--- THE TASK ---
In the listing below, find the line containing "澳门最准一码揭秘，真相与预测准确率背后的秘密（百分百准确预测？）" and the line containing "New English Treasure/Projects", then copy exactly everything from the first through the second, except the pictures.

--- EXCERPTED DATA ---

※ ※ ※

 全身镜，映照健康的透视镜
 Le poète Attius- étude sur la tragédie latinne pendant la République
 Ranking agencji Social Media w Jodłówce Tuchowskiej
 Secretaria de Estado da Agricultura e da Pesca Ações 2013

※ ※ ※

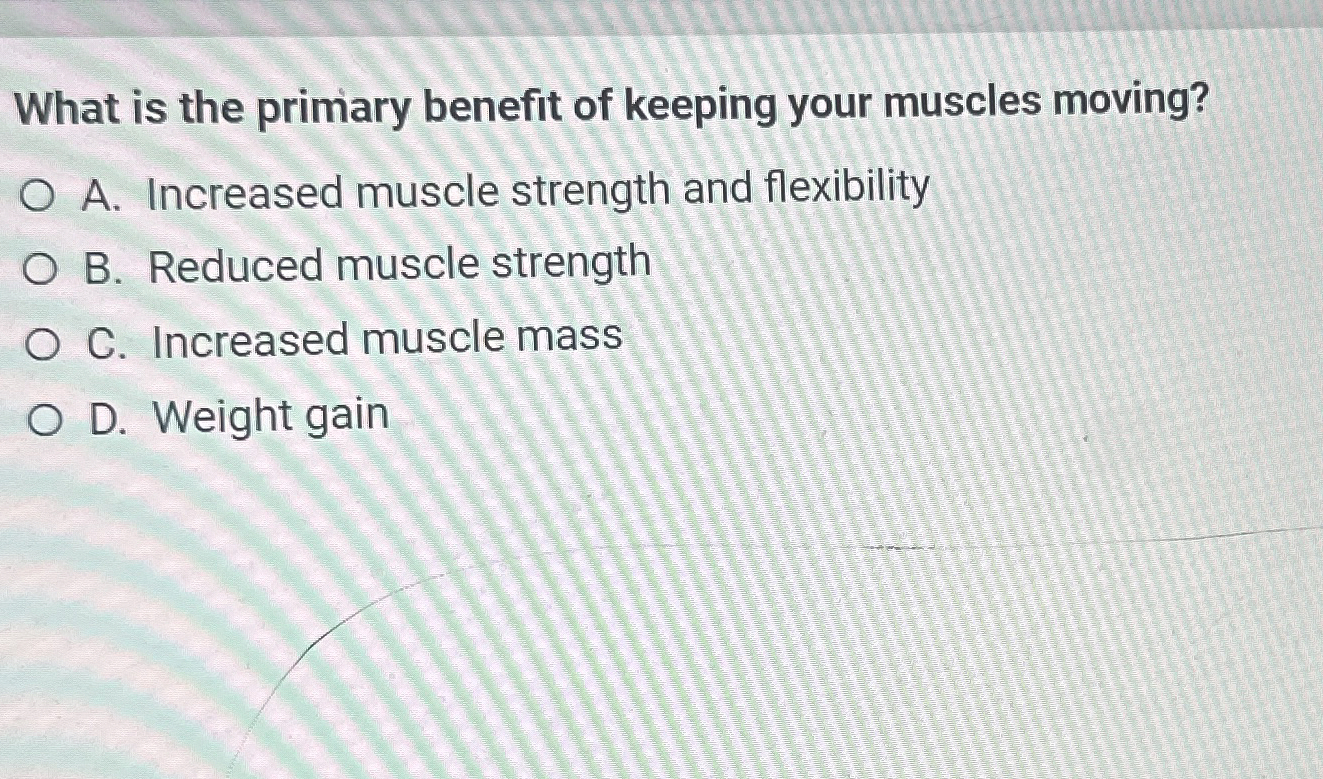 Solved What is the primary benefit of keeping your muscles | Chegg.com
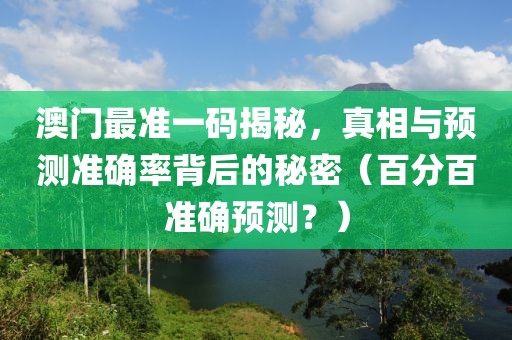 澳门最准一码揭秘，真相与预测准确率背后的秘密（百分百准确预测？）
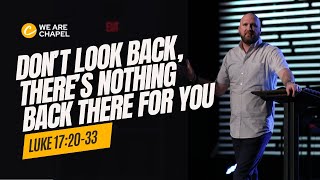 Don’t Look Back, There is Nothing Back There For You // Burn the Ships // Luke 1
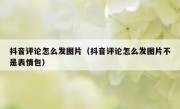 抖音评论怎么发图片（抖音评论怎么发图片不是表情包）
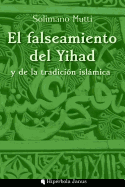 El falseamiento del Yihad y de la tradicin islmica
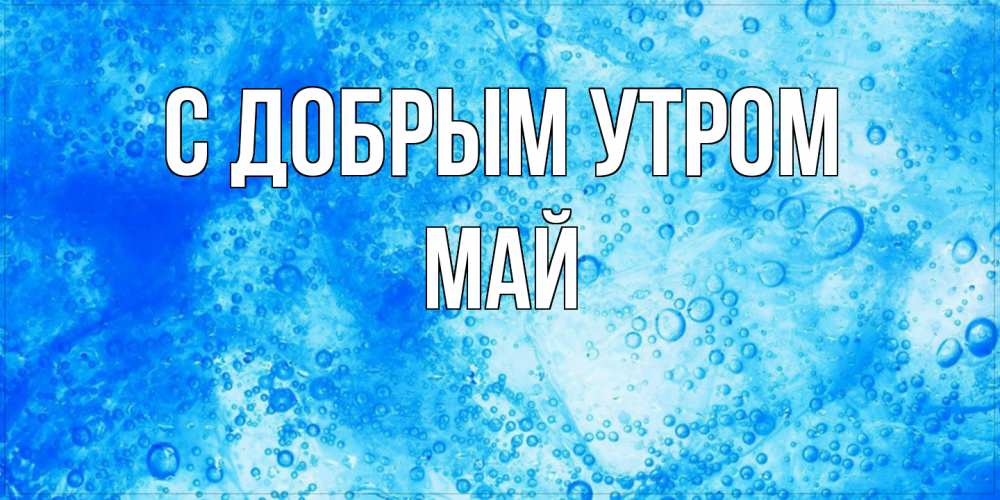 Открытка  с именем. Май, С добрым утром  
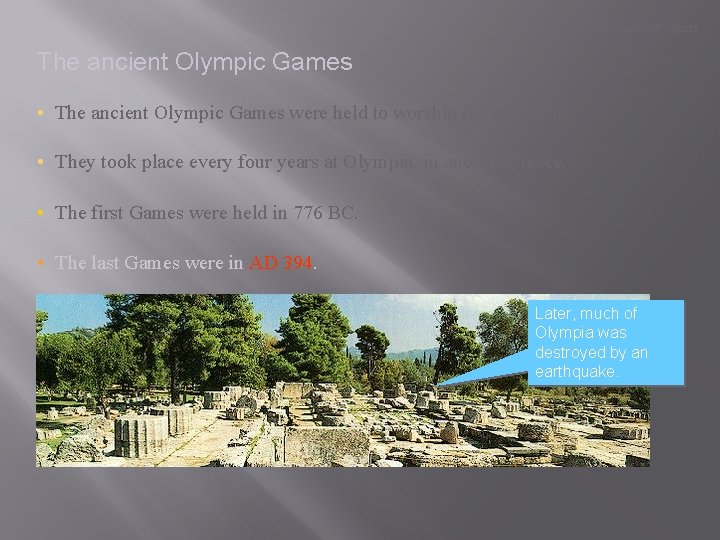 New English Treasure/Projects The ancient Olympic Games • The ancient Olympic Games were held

※ ※ ※

--- RESPONSE BOX ---
 澳门最准一码揭秘，真相与预测准确率背后的秘密（百分百准确预测？）
 Don’t Look Back, There is Nothing Back There For You // Burn the Ships // Luke 1
 抖音评论怎么发图片（抖音评论怎么发图片不是表情包）
 El falseamiento del Yihad y de la tradicin islmica
 Открытка  с именем. Май, С добрым утром  
 New English Treasure/Projects The ancient Olympic Games • The ancient Olympic Games were held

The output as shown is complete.